▶ **Your goal**: Word for word, copy out the entries below, but not the pictures in them.

<<<<

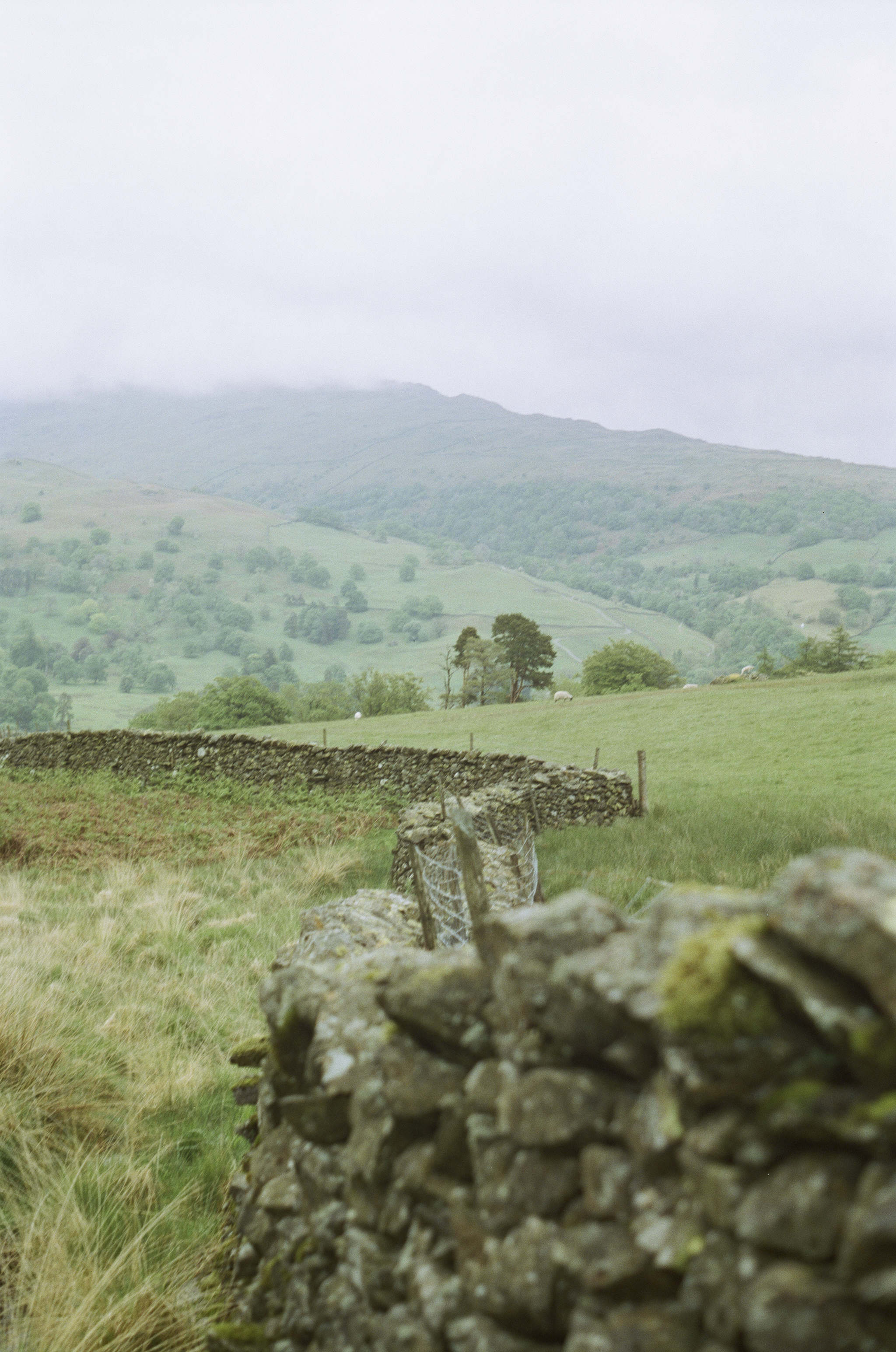 On Loughrigg Fell.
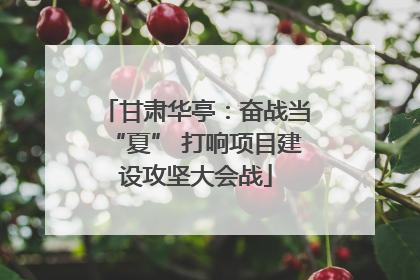 甘肃华亭：奋战当“夏” 打响项目建设攻坚大会战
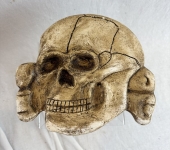 Plaster Skull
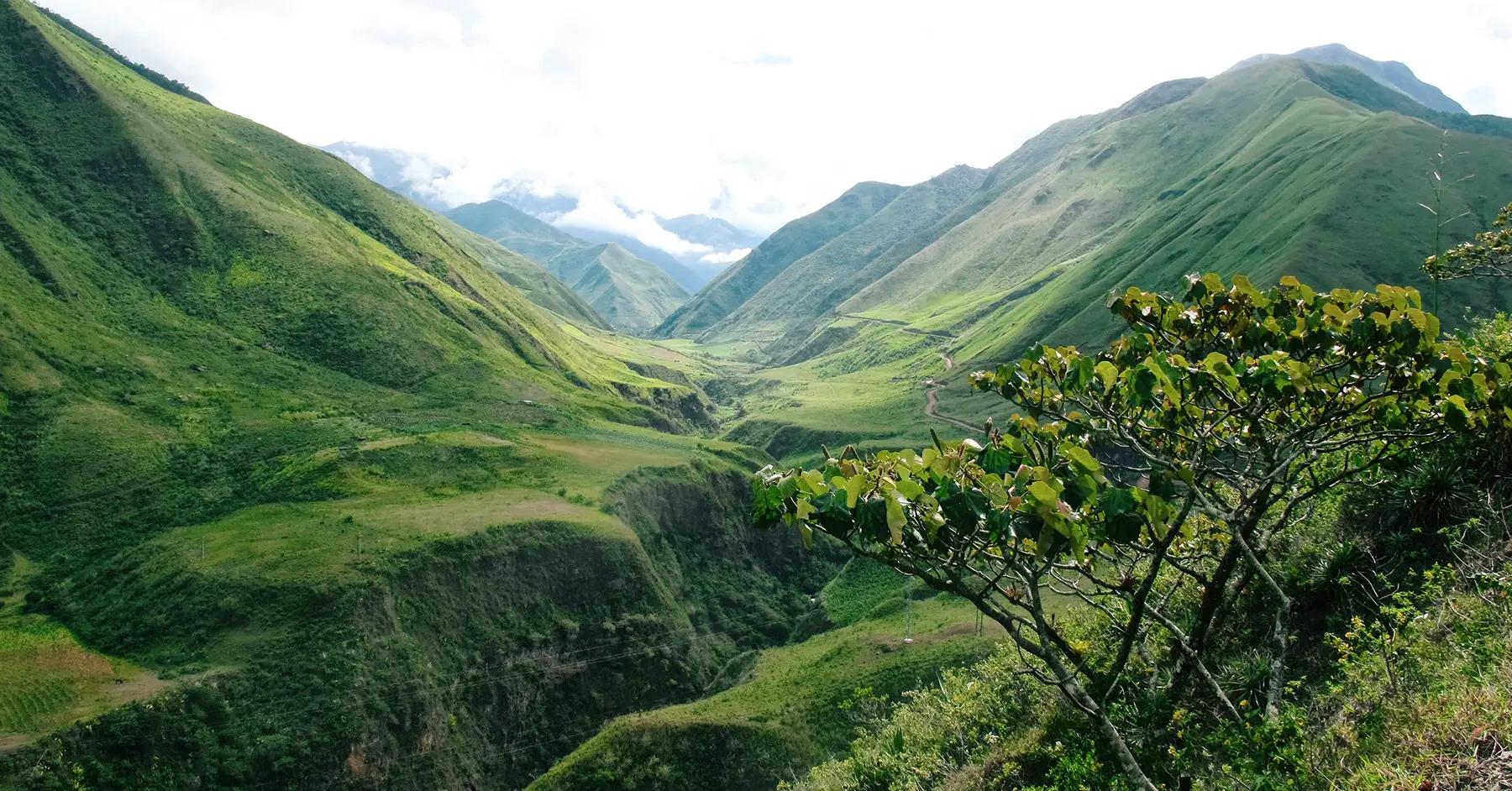 Ecuador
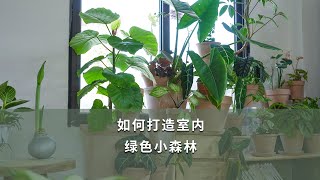 【海媽園藝課堂54】如何打造室內，綠色小森林 | House Plants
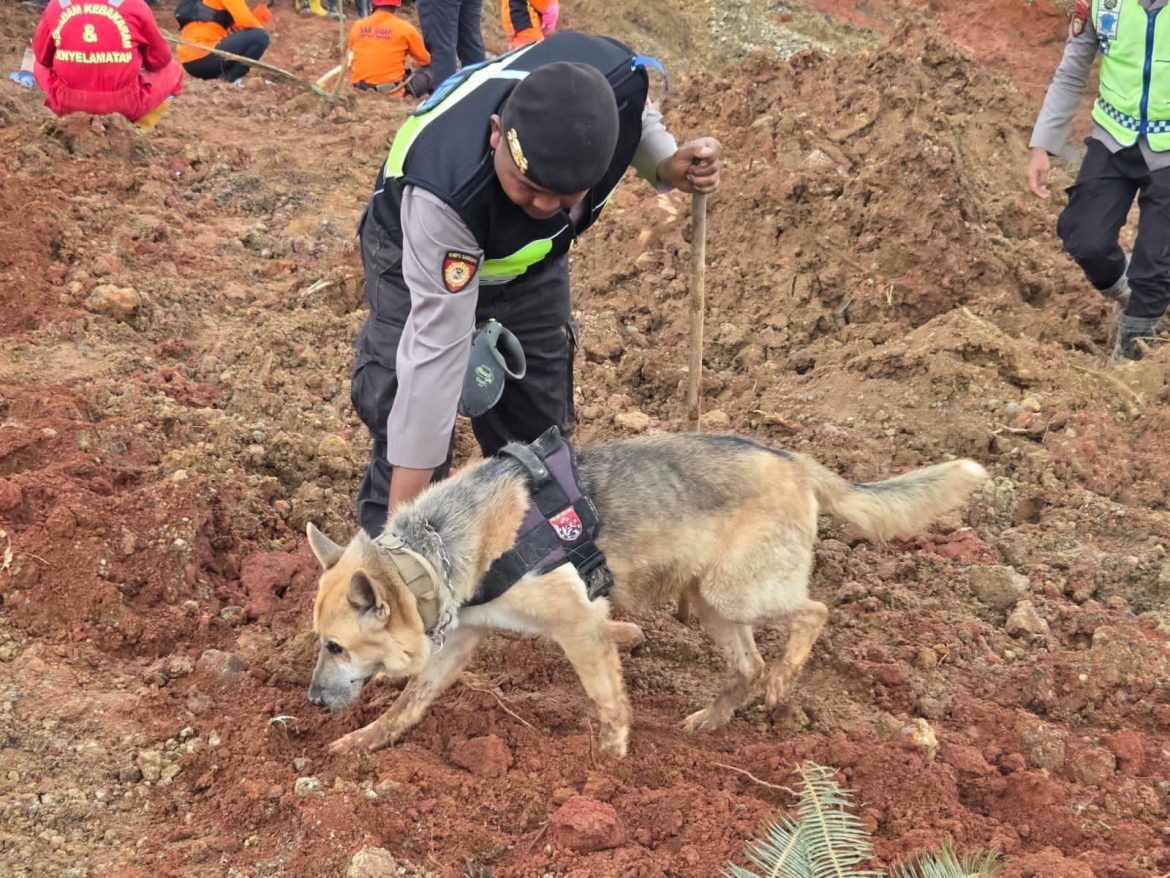 Polri Kerahkan Anjing Pelacak dalam Pencarian Korban Longsor Cilacap   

>>>>

▶ **Task response**:
 On Loughrigg Fell.
 甘肃华亭：奋战当“夏” 打响项目建设攻坚大会战
 Plaster Skull
 Ecuador
 【海媽園藝課堂54】如何打造室內，綠色小森林 | House Plants
 Polri Kerahkan Anjing Pelacak dalam Pencarian Korban Longsor Cilacap   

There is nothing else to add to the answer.